▸ EXERCISE REQUIREMENTS:
Each entry below needs to be transcribed verbatim; the images should not appear.

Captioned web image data
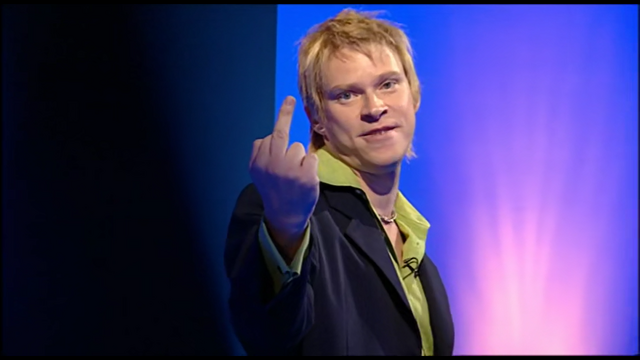 File:Holering2.png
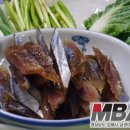 바다이야기PC 이미지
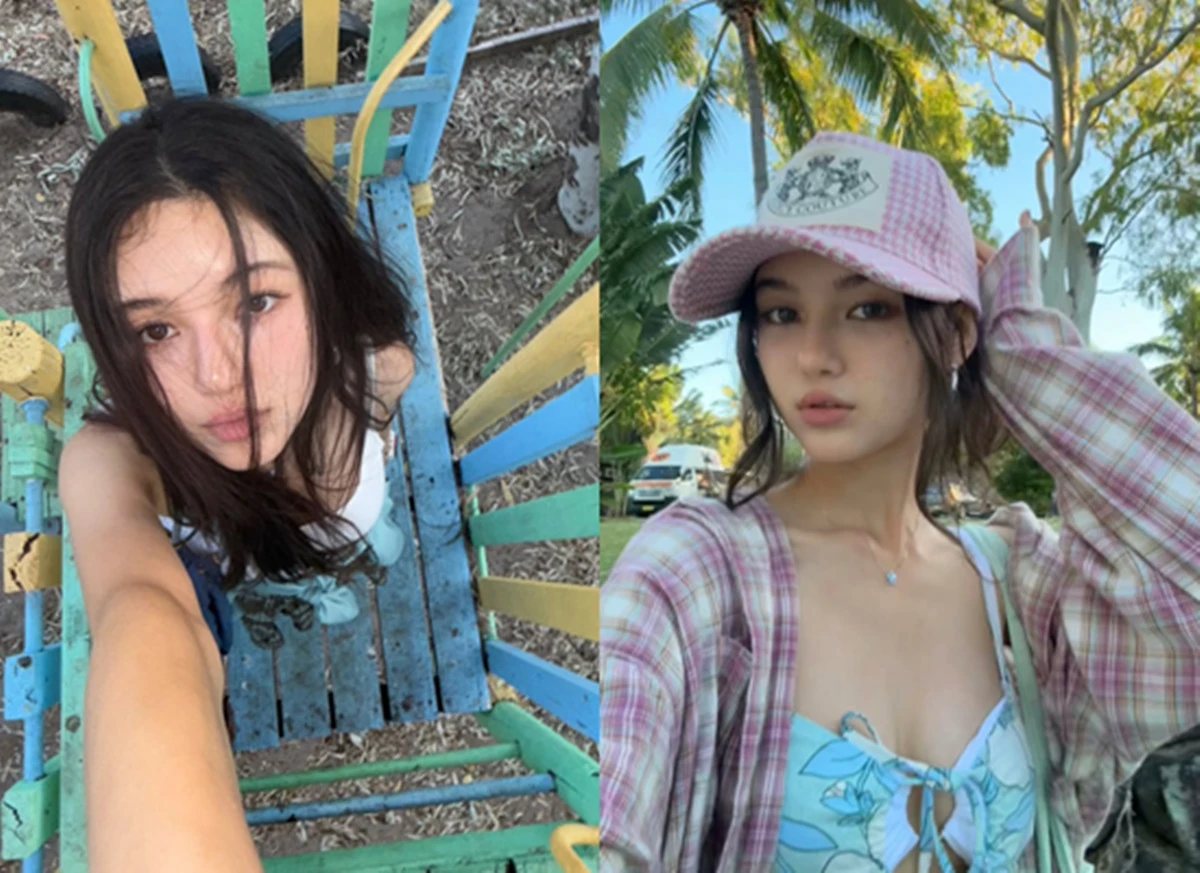 다니엘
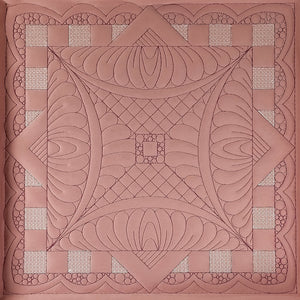 Bramwell Quilt Bundle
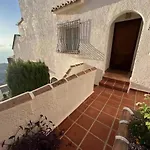 Spectacular Panorama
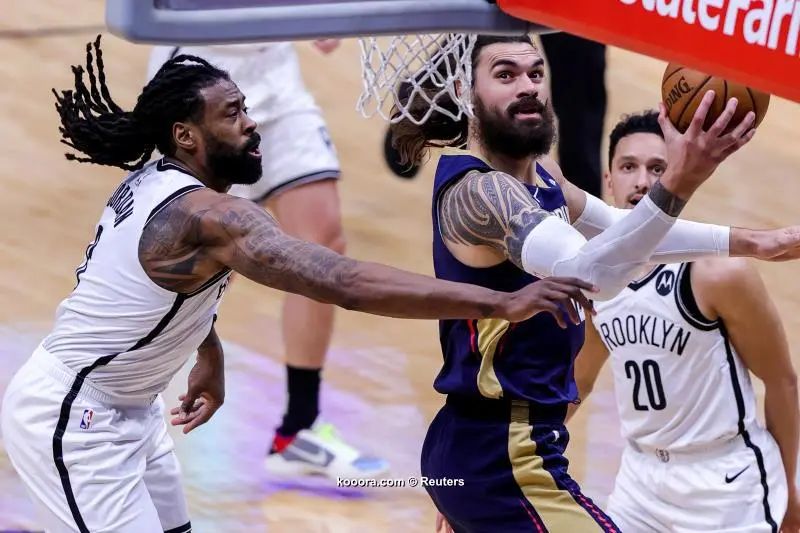 ?i=reuters%2f2021-04-21%2f2021-04-21t013309z_1019279574_mt1usatoday15936245_rtrmadp_3_nba-brooklyn-nets-at-new-orleans-pelicans_reuters
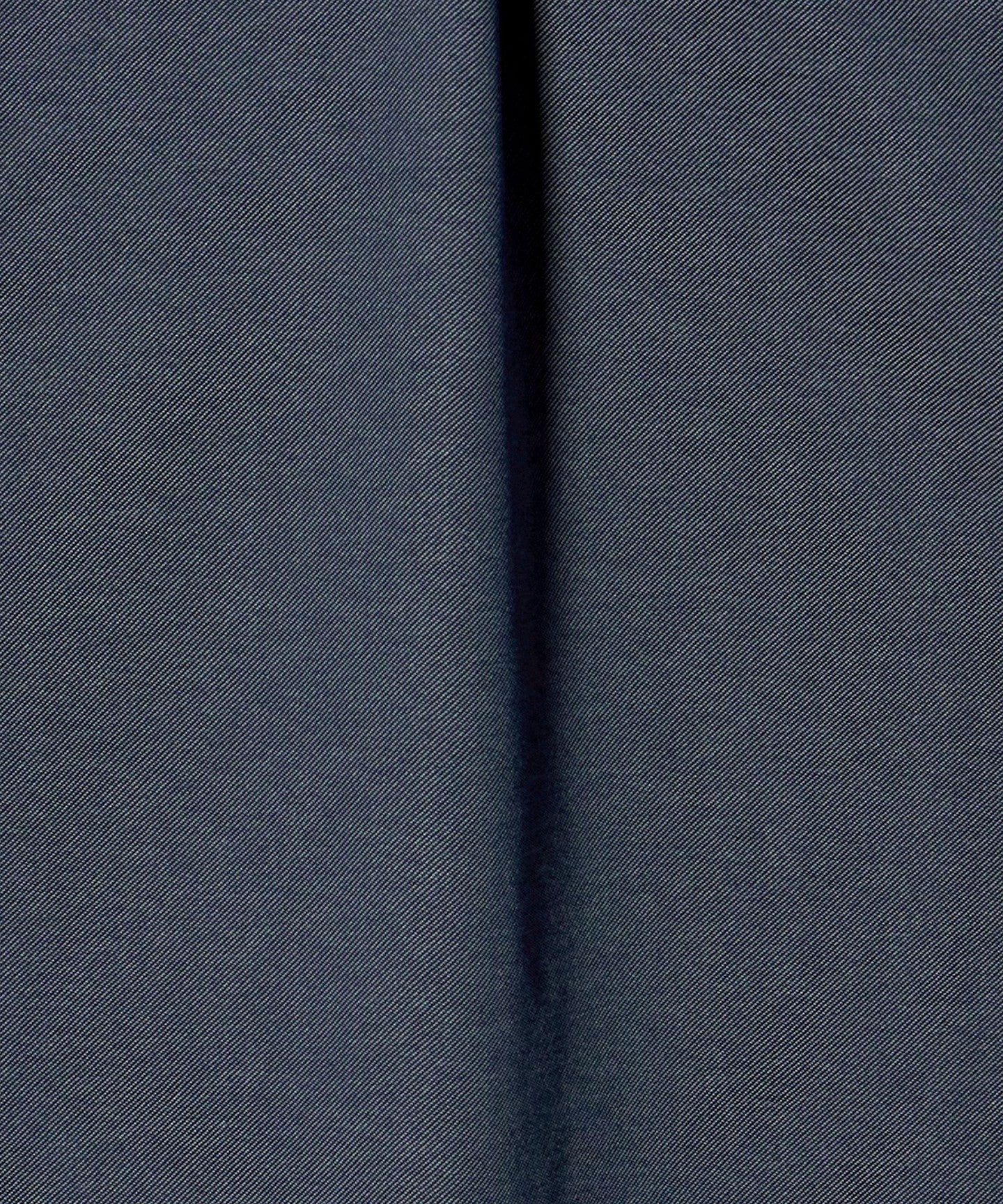 61176000011-d10.jpg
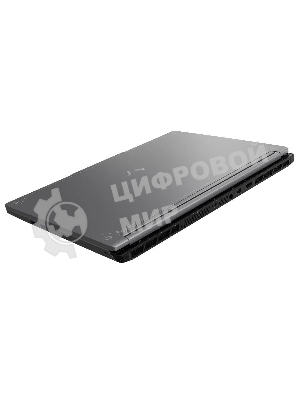 Ноутбук Maibenben X16C-i73756/16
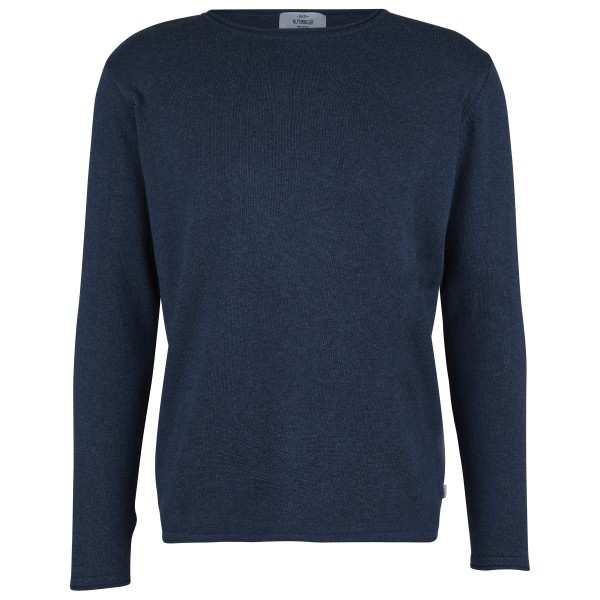Klitmøller Collective - Noah Knit - Pullover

▸ WRITTEN RESPONSE:
 File:Holering2.png
 바다이야기PC 이미지
 다니엘
 Bramwell Quilt Bundle
 Spectacular Panorama
 ?i=reuters%2f2021-04-21%2f2021-04-21t013309z_1019279574_mt1usatoday15936245_rtrmadp_3_nba-brooklyn-nets-at-new-orleans-pelicans_reuters
 61176000011-d10.jpg
 Ноутбук Maibenben X16C-i73756/16
Klitmøller Collective - Noah Knit - Pullover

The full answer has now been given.